* _DATA TO USE_:
%%
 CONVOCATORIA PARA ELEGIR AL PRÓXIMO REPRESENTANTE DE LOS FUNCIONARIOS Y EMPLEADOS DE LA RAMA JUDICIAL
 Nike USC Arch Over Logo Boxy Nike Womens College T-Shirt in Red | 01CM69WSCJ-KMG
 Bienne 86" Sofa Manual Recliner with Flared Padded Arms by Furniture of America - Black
%%
%%
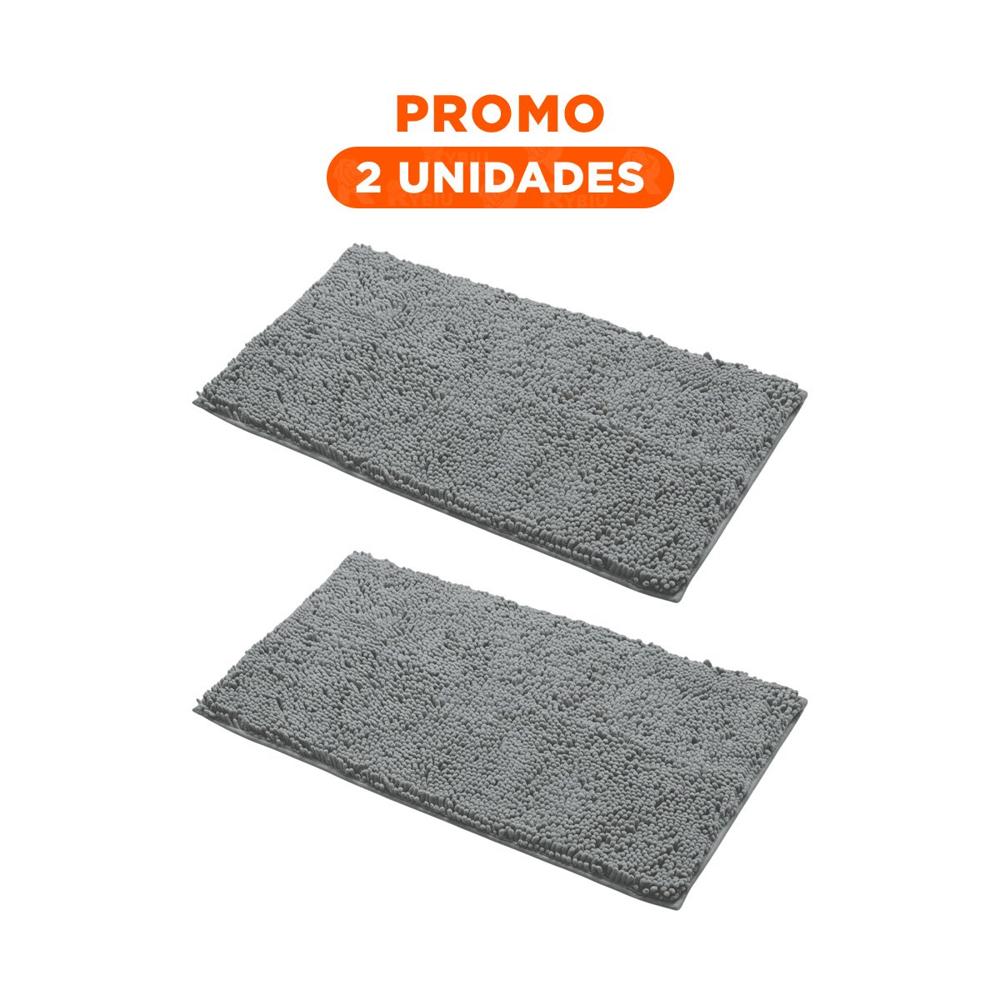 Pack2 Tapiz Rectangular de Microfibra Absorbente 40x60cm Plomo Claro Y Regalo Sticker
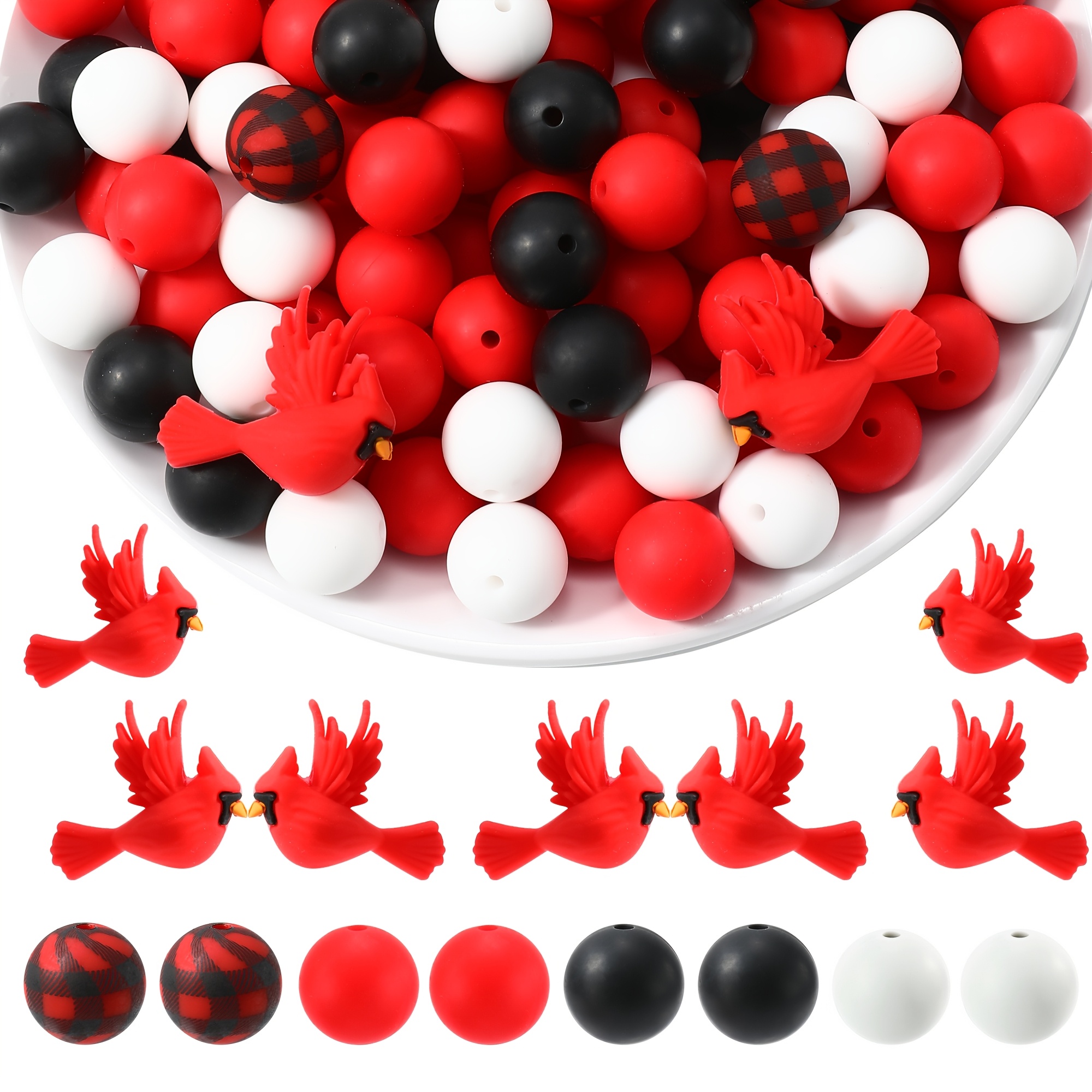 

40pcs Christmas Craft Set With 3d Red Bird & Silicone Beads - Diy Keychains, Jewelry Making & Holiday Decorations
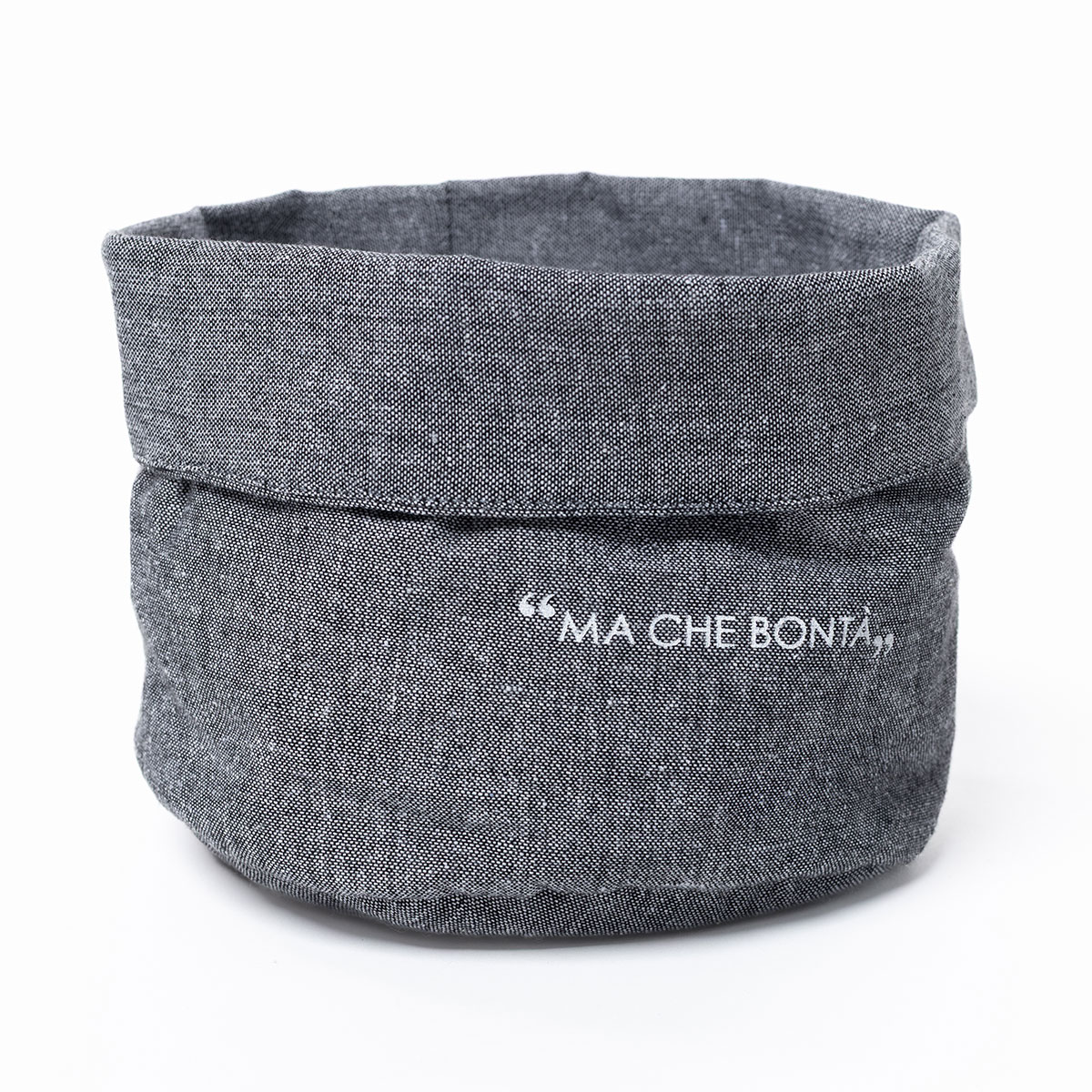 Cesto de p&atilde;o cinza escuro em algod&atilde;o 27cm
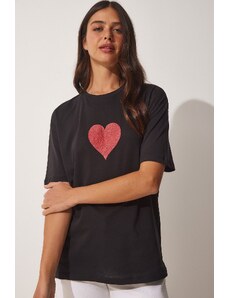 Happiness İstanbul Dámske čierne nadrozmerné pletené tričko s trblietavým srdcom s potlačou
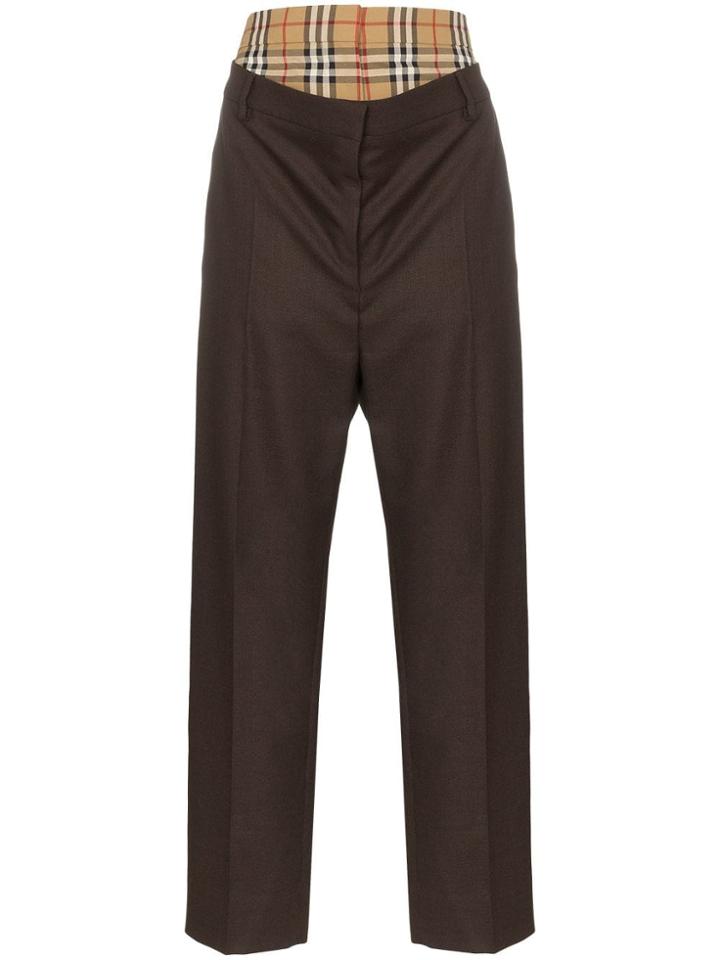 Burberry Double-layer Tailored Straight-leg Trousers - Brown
%%
Only the lines above from the one with "Nike USC Arch" through the one with "America - Black" should be duplicated, character for character.

 Nike USC Arch Over Logo Boxy Nike Womens College T-Shirt in Red | 01CM69WSCJ-KMG
 Bienne 86" Sofa Manual Recliner with Flared Padded Arms by Furniture of America - Black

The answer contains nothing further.